The Unplanned Journey of Johan Lundgren: From Musician to easyJet CEO

The Unplanned Journey of Johan Lundgren: From Musician to easyJet CEO

In a parallel universe, Johan Lundgren would have become a professional musician and never ended up as CEO of one of the world’s biggest airlines.

The Swede started playing the trombone at the age of 11 and was good enough to land scholarships that took him to Britain and the US. However, Lundgren wasn’t quite good enough to get into the Royal College of Music in Stockholm.

He started working as a tour guide on a cruise ship between the Swedish capital and what was then called Leningrad in Russia. The job came about partly because he had some knowledge of Russian history and culture from playing Russian music.

Lundgren progressed to a small company that organized business travel to the Soviet Union during the period of the 1990s when the Soviet Union opened up after Communism failed. After that, he became a sales director for a tour operator owned by the airline SAS.

He spent many years at TUI, one of Europe’s biggest travel companies, rising to deputy CEO by the time he left in 2015. The Swede returned to his musical roots by opening a recording studio on the Spanish island of Majorca in the Mediterranean.

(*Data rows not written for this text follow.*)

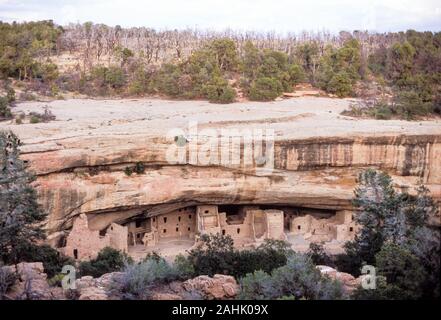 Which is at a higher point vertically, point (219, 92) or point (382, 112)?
point (219, 92)

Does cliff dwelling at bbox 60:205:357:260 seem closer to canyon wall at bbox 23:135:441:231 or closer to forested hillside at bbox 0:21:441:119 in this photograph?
canyon wall at bbox 23:135:441:231

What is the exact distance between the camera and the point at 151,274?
925 cm

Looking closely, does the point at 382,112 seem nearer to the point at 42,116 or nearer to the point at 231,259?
the point at 231,259

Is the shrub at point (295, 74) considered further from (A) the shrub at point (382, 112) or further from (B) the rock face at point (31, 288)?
(B) the rock face at point (31, 288)

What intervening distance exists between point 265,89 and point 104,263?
44.3 feet

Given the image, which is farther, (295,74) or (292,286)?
(295,74)

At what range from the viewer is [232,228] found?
56.5ft

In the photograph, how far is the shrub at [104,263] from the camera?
42.4 ft

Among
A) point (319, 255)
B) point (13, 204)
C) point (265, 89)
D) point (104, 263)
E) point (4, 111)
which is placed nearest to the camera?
point (13, 204)

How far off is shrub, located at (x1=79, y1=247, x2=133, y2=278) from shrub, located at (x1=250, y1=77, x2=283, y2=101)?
11837 millimetres

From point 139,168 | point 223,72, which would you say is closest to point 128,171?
point 139,168

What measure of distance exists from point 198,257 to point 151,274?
4.72 m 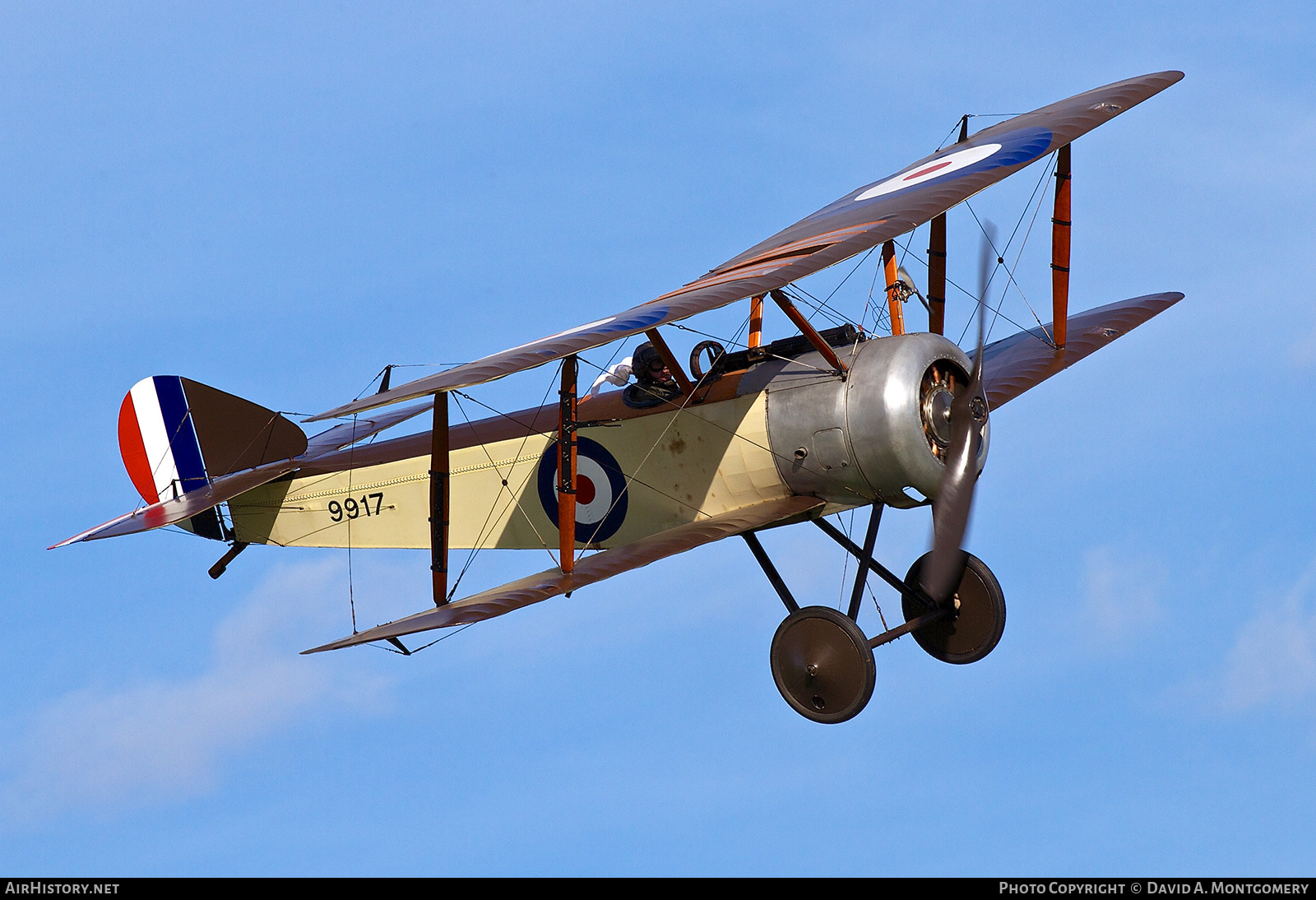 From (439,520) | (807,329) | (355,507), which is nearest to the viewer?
(807,329)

One day, a headhunter asked Lundgren what company he might like to run. “I said ‘easyJet,’ without really thinking much about it,” he recalls.


Why easyJet?

If you’ve ever traveled in Europe, chances are you’ve flown easyJet – the airline has about 1,000 routes in 35 countries, and operates from 155 airports. It’s cheaper than the “legacy” carriers such as British Airways, but still operates from primary airports such as London Gatwick or Charles de Gaulle in Paris.

There wasn’t a vacancy at the time, but when the CEO left a few months later, Lundgren threw his hat in the ring — and got the job. It’s almost six years to the day that he took up the role, and he loves his work. “It’s an extraordinary privilege to do this … even on a bad day. It’s something that matters to millions and millions of people.”


Data-driven Innovations

Lundgren believes that the experience of flying with easyJet is usually a good one. The airline is using technology and artificial intelligence to reduce disruption and delays. It predicts pressure points and optimizes schedules by utilizing data. Lundgren says, “Data is just going to be a gamechanger.”

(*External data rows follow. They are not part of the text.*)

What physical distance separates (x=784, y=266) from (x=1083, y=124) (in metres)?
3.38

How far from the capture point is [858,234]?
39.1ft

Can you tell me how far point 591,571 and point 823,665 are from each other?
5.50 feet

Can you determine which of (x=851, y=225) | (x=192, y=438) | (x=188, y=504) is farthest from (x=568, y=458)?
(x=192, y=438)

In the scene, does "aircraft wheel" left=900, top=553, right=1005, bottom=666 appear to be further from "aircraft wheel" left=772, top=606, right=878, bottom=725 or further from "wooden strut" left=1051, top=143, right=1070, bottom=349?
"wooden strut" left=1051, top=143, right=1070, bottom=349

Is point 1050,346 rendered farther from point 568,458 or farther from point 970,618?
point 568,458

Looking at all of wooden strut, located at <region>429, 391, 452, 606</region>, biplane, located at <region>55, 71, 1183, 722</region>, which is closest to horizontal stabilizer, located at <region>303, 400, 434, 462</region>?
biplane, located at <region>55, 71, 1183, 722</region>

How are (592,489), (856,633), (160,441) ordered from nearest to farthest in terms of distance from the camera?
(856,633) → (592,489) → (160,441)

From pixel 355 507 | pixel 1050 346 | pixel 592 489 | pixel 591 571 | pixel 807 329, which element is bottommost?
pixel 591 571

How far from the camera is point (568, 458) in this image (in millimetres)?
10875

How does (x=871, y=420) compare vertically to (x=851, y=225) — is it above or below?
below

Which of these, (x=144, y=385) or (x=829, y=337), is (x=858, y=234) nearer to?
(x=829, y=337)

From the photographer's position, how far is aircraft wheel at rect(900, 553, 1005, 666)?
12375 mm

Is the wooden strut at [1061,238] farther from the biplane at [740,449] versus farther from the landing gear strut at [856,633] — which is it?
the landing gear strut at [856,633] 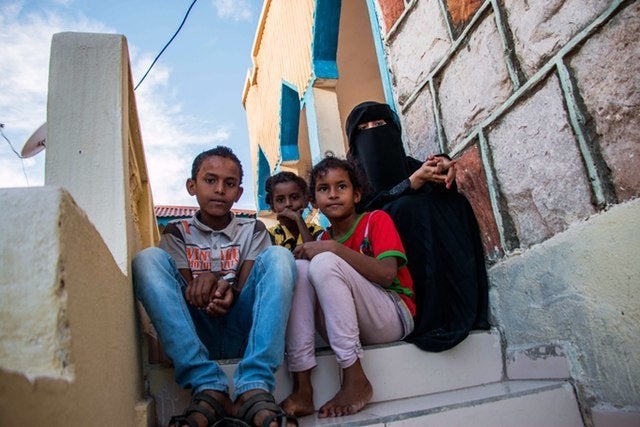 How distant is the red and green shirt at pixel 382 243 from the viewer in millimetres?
1835

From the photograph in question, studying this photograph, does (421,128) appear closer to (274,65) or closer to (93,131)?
(93,131)

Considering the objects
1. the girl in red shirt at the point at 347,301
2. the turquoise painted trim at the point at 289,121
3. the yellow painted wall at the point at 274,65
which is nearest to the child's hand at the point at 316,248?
the girl in red shirt at the point at 347,301

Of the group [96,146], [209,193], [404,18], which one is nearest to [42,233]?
[96,146]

EasyJet also uses data for dynamic pricing, not just on fares but on ancillary charges as well.


Grounded Perks

Being the CEO of easyJet comes with its own perks. Lundgren took home almost £3 million, or $3.76 million, last year. He believes that easyJet’s huge number of takeoff and landing slots at Europe’s most popular airports will only get more valuable, and the company can increase passenger numbers without adding more flights.


A Journey Worth Taking

Johan Lundgren’s career was not planned, but one thing led to another and he ended up where he is now. He remains humble and focused on doing his best for easyJet customers, staff, and shareholders. And although he may have traded in his trombone for the CEO role, he believes it was a blessing in disguise.